Sunday, August 16, 2015

Going Back to the Wartime Farm and the Wartime Kitchen and Garden

As I sit and crochet I have been enjoying two series of YouTube Videos related to the home front in Britain during WWII.  I have always been a history buff and as I grow older I have become more interested in how people coped during the difficult days of The Great Depression and WWII.  There are lessons to be learned here that we actually might be called upon to use during some of our darker financial days.

Although, even I can not see myself making a substitute mayonnaise using boiled potato, mustard, salt, vinegar and oil.  If I don't have the egg I think I would rather do without.  I know, heretical.  I also cannot see myself eating steamed nettles in place of other green leafy veg.  Or, the "black bread" made with silage as the raising agent instead of yeast.  Nope.  NOT going to happen.  Even I have limits with food experimentation.

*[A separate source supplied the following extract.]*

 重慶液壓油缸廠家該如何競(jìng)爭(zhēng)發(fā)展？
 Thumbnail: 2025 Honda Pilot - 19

But, I might try the slices of corned beef encased in stiff mashed potato and then covered with a white sauce and baked.  That actually sounds rather good and VERY filling.  I also might try the leek pudding which is basically seasoned chopped leeks encased in pastry and cooked until very golden brown.   Or the baked chocolate cake type pudding sweetened mainly with grated carrot and only a very small amount of the precious sugar ration.  Sounds yummy to me.

I was interested to see how people improvised needed machine parts from odd  bits and pieces; made toy airplanes out of tin cans; learned to make clay roof tiles to repair buildings when commercial tile was unavailable; wove baskets from willow locally harvested, and so much more.  This often required learning new skills never before contemplated but necessity gave them no other choice. 

I wonder if I would have the stamina, mental and physical, to get the job done today if required.  One can only hope. 

But, in the spirit of the thing, I am off to work on my mock meat for dinner:  mock Italian sausage patties made from barley flakes cooked in beef broth and seasoned with fennel, garlic, onion, thyme, sage and a pinch of cayenne.  It actually might work.